Pernikahan Ketua MK dengan Adik Presiden dan Potensi Konflik Lembaga Kehakiman
Ketua Mahkamah Konstitusi (MK) Anwar Usman direncanakan menikah dengan adik Presiden RI Joko Widodo (Jokowi), Idayati pada Mei 2022.
Penulis: Danang Triatmojo
Editor: Johnson Simanjuntak
TRIBUNNEWS.COM, JAKARTA - Ketua Mahkamah Konstitusi (MK) Anwar Usman direncanakan menikah dengan adik Presiden RI Joko Widodo (Jokowi), Idayati pada Mei 2022.
Rencana pernikahan tersebut jadi sorotan publik lantaran bisa sebagai ujian sikap kewarganegaraan seorang Ketua MK.
Pelaksana tugas (Plt) Ketua Konstitusi dan Demokrasi (KoDe) Inisiatif, Violla Reininda khawatir terjadi potensi benturan kepentingan yang krusial karena terbentuknya relasi semenda atau pertalian keluarga karena pernikahan antara Ketua MK dengan Presiden.
"Sederhananya publik akan bertanya, bagaimana sikap dan objektivitas Ketua MK saat menyidangkan perkara-perkara pengujian undang-undang, di saat yang sama ia memiliki relasi kekeluargaan dengan Presiden?," kata Violla saat dikonfirmasi, Kamis (24/3/2022).
Menurutnya sudah semestinya hakim MK bebas dari pengaruh kekuasaan manapun. Tujuannya agar benteng terakhir penegakkan hukum dan keadilan konstitusi tetap terjaga.
Terlebih dalam beberapa waktu belakangan MK tengah disibukkan dengan pengujian undang - undang sarat politis semisal UU Ibu Kota Negara (IKN) dan UU MK.
Baca juga: FAKTA-FAKTA Rencana Pernikahan Ketua MK Anwar Usman dengan Adik Jokowi, Idayati, Kenal 5 Bulan Lalu
"Kondisi ini akan membawa implikasi yang fatal tatkala hakim terperangkap benturan kepentingan," ungkapnya.
Violla menyatakan paling tidak ada dua aturan yang berpotensi dilanggar bila Ketua MK tidak segera mengambil sikap bijaksana sebagai seorang negarawan.
Pertama, Pasal 17 ayat (4) dan ayat (5) UU Nomor 48 Tahun 2009 tentang Kekuasaan Kehakiman. Pasal 17 ayat (4) berbunyi 'Ketua majelis, hakim anggota, jaksa, atau panitera wajib mengundurkan diri dari persidangan apabila terikat hubungan keluarga sedarah atau semenda sampai derajat ketiga, atau hubungan suami atau istri meskipun telah bercerai dengan pihak yang diadili atau advokat;'.

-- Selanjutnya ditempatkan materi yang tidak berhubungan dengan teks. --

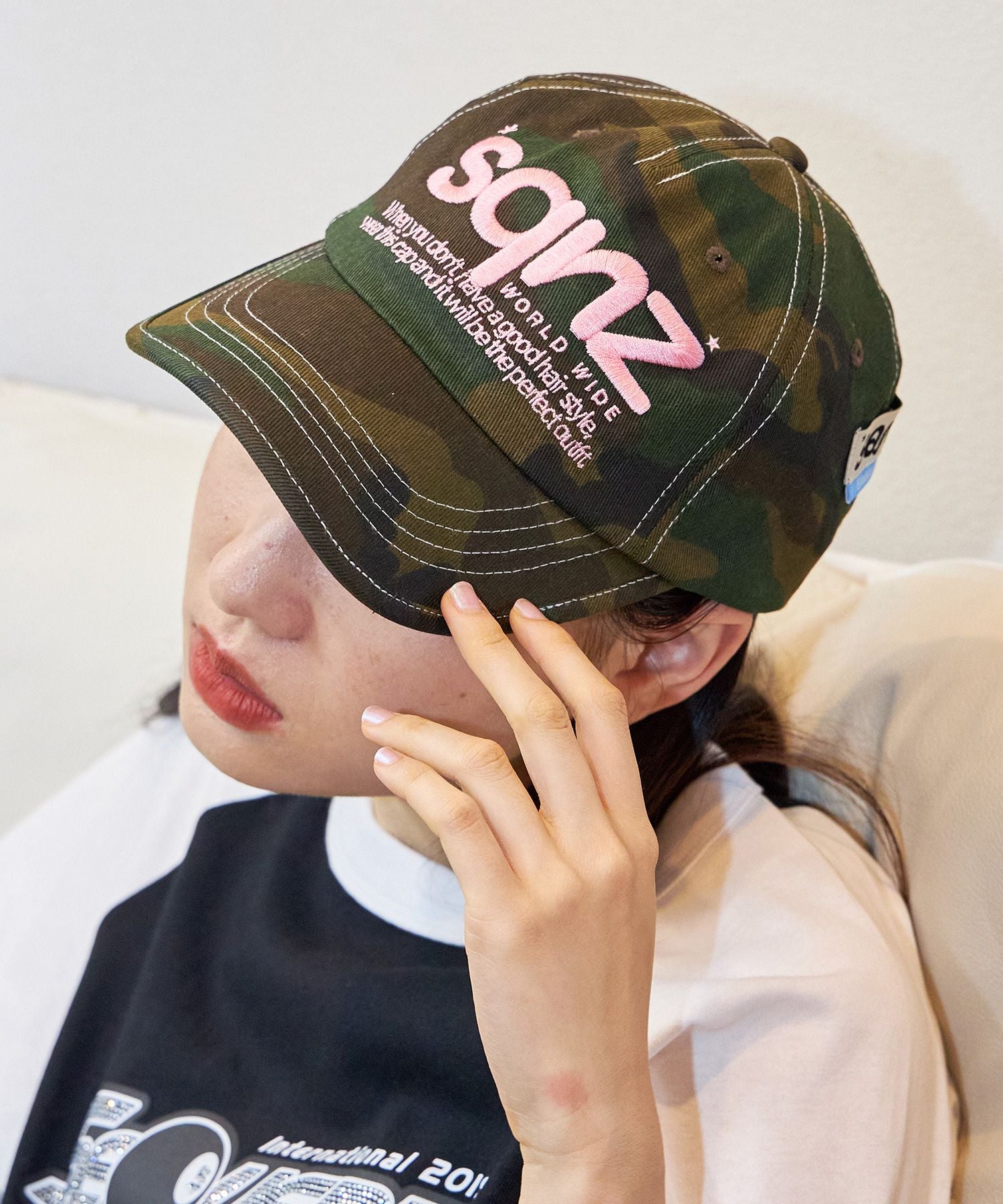 sqnz logo cap / ロゴ ベースボール キャップ 刺繍 ストリート 柄80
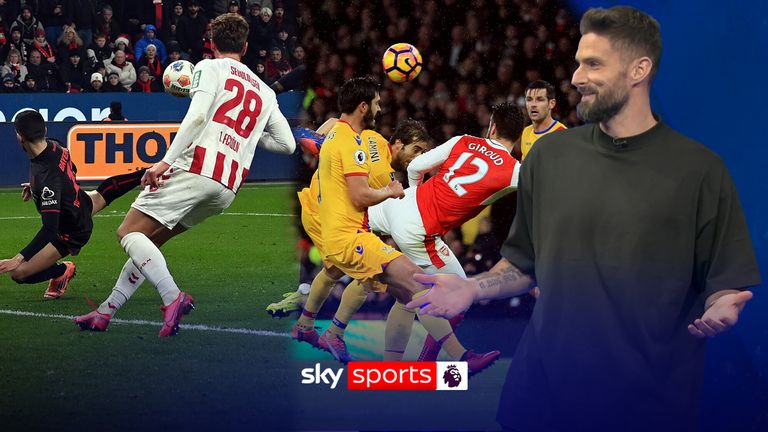 Oliver Giroud reacts to fellow countryman's Martin Terrier 'scorpion kick' goal against FC Köln and compares to his memorable goal against Crystal Palace in 2017.  Images: PA/AP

Pasal 17 ayat (5) berbunyi, 'Seorang hakim atau panitera wajib mengundurkan diri dari persidangan apabila ia mempunyai kepentingan langsung atau tidak langsung dengan perkara yang sedang diperiksa, baik atas kehendaknya sendiri maupun atas permintaan pihak yang berperkara'.
Terdapat pula konsekuensi logis bila ketentuan ayat (5) dilanggar sebagaimana diatur dalam Pasal 17 ayat (6) yakni bahwa putusan dinyatakan tidak sah dan hakim akan dikenakan sanksi administratif atau pidana sesuai dengan ketentuan peraturan perundangan-undangan.
Kemudian terdapat Peraturan Mahkamah Konstitusi Nomor 09/PMK/2006 tentang Pemberlakuan Deklarasi Kode Etik dan Perilaku Hakim Konstitusi.
Dalam perspektif peraturan tersebut, terdapat dua prinsip pokok yang rawan benturan kepentingan dan berpotensi dilanggar yakni prinsip independensi dan prinsip ketidakberpihakan.
Independensi hakim konstitusi jadi prasyarat pokok untuk terwujudnya cita negara hukum, dan merupakan jaminan bagi tegaknya hukum dan keadilan. Ketakberpihakan mencakup sikap netral.
Jika pernikahan Anwar Usman dengan adik Presiden Jokowi terjadi, maka Koalisi Masyarakat Selamatkan MK yang terdiri dari ICW, YLBHI, Pusako, PSHK, KoDe Inisiatif, LBH Jakarta dan BHACA Anwar Usman mundur dari posisi Ketua MK.
"Sebab jika tidak, hal tersebut tentu akan berimplikasi pada independensi dan imparsialitasnya sebagai hakim konstitusi yang berujung pada kualitas putusan yang tidak adil dan baik," pungkasnya.